### Prompt
Would you please transcribe, exactly as written, the lines of the entries below starting at the one that holds "Apartamentos Tintes12 Seville" and ending at the one that holds "25-27 Evans Lookout", both included?

### Supplied records
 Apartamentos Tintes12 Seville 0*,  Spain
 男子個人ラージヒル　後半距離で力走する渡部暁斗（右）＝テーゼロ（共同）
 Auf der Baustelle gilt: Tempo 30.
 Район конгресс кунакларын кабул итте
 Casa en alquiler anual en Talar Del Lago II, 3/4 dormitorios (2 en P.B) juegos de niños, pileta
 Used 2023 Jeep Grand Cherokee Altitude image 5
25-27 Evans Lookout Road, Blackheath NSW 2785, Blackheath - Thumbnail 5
...
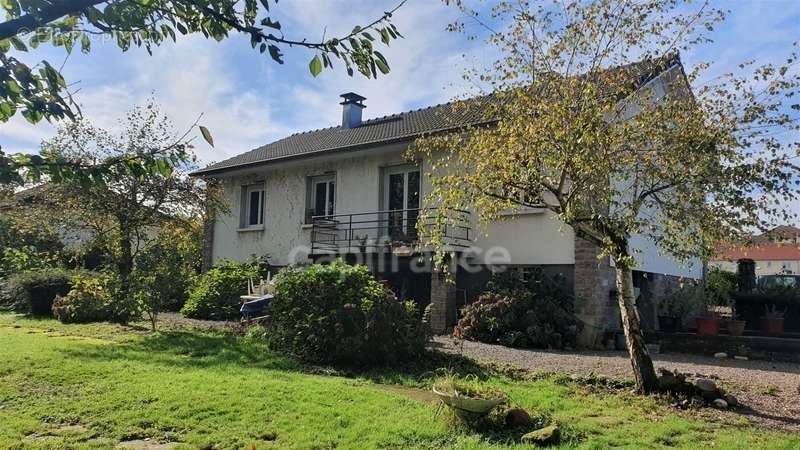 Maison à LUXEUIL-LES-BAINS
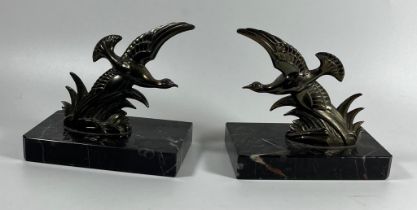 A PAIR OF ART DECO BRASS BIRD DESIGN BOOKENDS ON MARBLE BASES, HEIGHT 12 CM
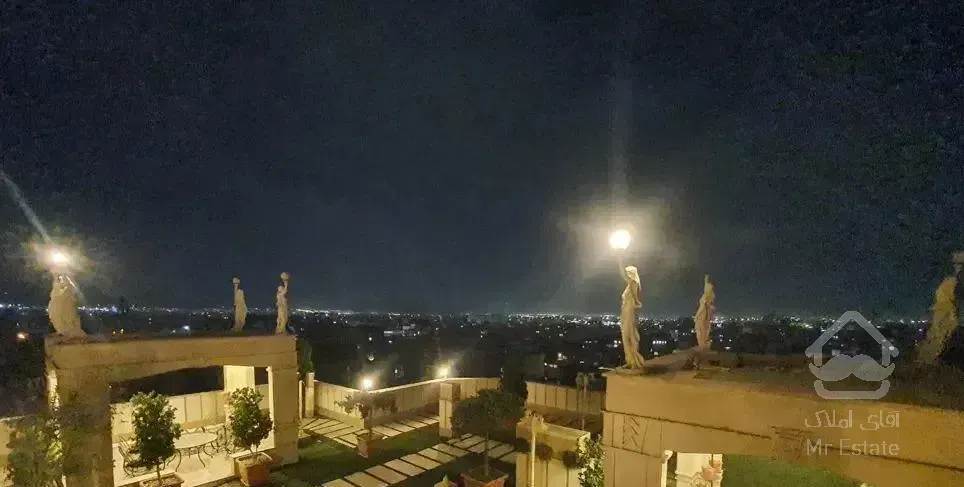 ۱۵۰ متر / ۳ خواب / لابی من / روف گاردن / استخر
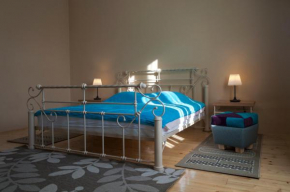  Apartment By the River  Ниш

### Result of the exercise
 Apartamentos Tintes12 Seville 0*,  Spain
 男子個人ラージヒル　後半距離で力走する渡部暁斗（右）＝テーゼロ（共同）
 Auf der Baustelle gilt: Tempo 30.
 Район конгресс кунакларын кабул итте
 Casa en alquiler anual en Talar Del Lago II, 3/4 dormitorios (2 en P.B) juegos de niños, pileta
 Used 2023 Jeep Grand Cherokee Altitude image 5
25-27 Evans Lookout Road, Blackheath NSW 2785, Blackheath - Thumbnail 5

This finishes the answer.